The Gehenna in My Backyard.
Last month Christa, the girls and took a trip up to Nederland for the day. We walked the Rainbow Lakes trail in Roosevelt National Forrest, and since it was on a Monday, we hardly saw any other hikers. It was the kind of outdoor weather and views that reminded us why living in Colorado is so valuable. It was an ideal autumn day. On our way back down the mountain, our phones chimed with new voicemails and messages from the world below. One of the calls had been from the Broomfield Police department. There had been a fire on our property.
We froze, directing all our attention to the officer’s voice on the voicemail. When I heard the words “fire on your property,” my mind instantly thought, “what about our stuff?” Even before you know the details, in split seconds you think about all the irreplaceable items, photos, old clocks, artwork, etc. All the evidence that helps remember who we are.
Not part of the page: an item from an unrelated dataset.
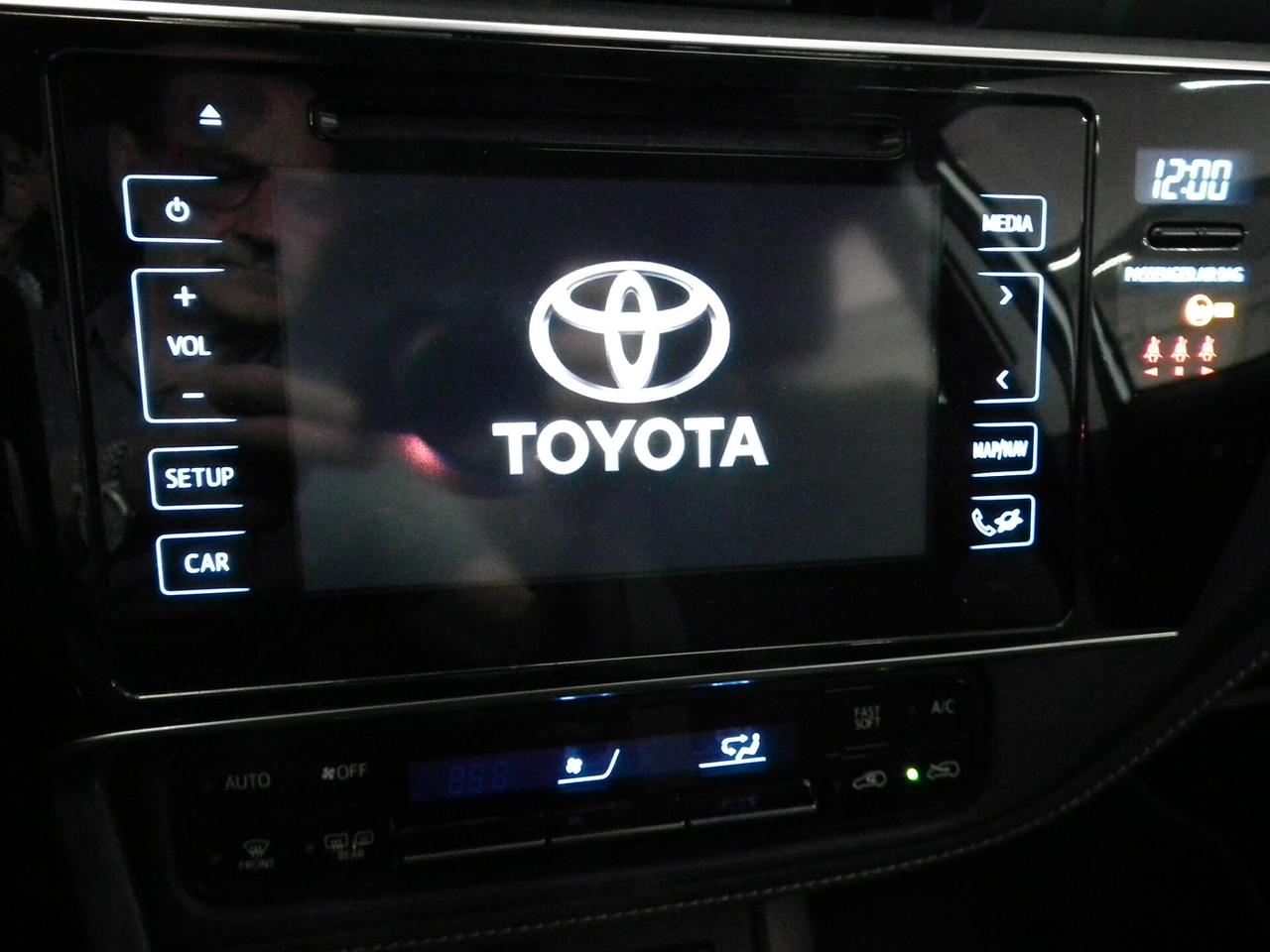 Toyota Auris 1.8 Hybrid KM 64.000 ! UNIPROPRIETARIO ! NAVI TELECAMERA CRUISE TELEFONO !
Well, It turns out that the fire was away from the house in our compost pile next to the shed. It completely burned up the compost container, two sections of our neighbor’s fence, and the back corner of our shed before the fire department arrived. The officer said there was no evidence of criminal cause to the accident, but sometimes this has been known to happen. Compost piles, if not properly attended to can spontaneously combust and given the right combination of oxygen and fuel will consume the container and spread turning all the stuff around it to ashes. (It’s true! google it!)
We’ve been composting for years. We love the way it makes us feel to know that all the organic material we’d have generally thrown into some landfill can be used to give us a nutrient-packed super-soil! Soil that we can use to bring more life into our space with flowers and vegetable gardens. The end product of a good compost pile is called humus. (pronounced like “human” since we both come from the same idea, “of the earth”) Humus is the result of compounded decay over time. It is accomplished through the mixing of dry and wet organic material to creating a molecular burning that breaks down the material into a condensed matter that stimulates growth and resists decay.
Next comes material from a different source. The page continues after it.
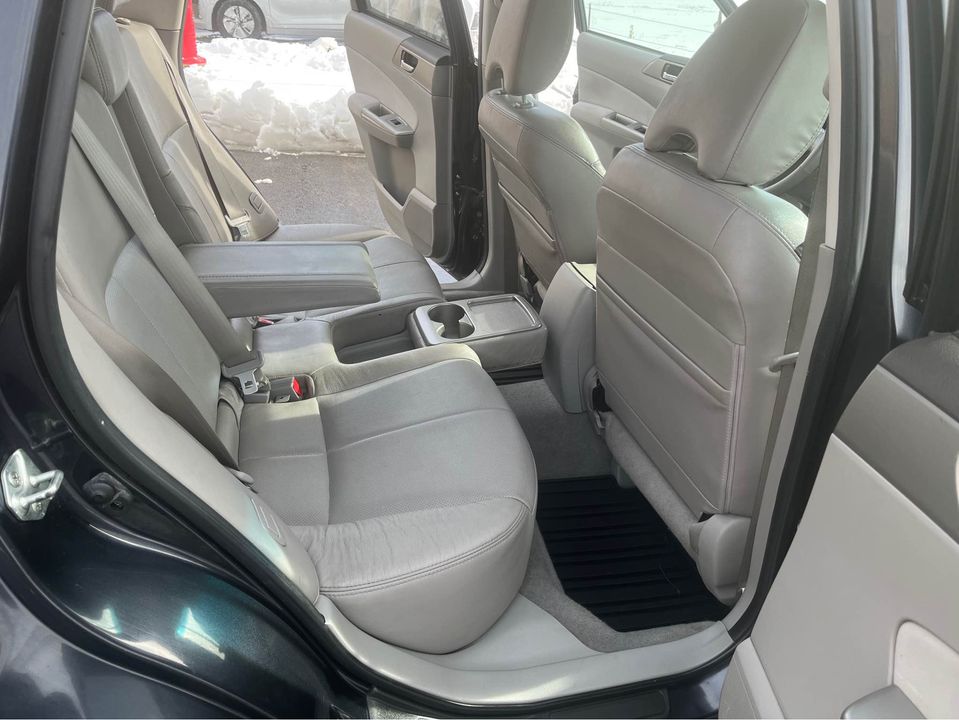 2010 Subaru Forester 2.5X Limited Sport Utility 4D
In some ways, humus is inevitable for all things given the right amount of time because all things are breaking down. Whether through decay or fire, things return to ashes. However, one can cultivate a compost pile to safely render fertile humus. That’s why we have containers for them. We make a place, separate from the other living things that are growing, to contain the rotting, decaying, and burning stuff of life. If it is not separated, the flames of decay can ruin the growing life that is beautiful. The name that was given to the compost heap in ancient Jewish life was “Gehenna.”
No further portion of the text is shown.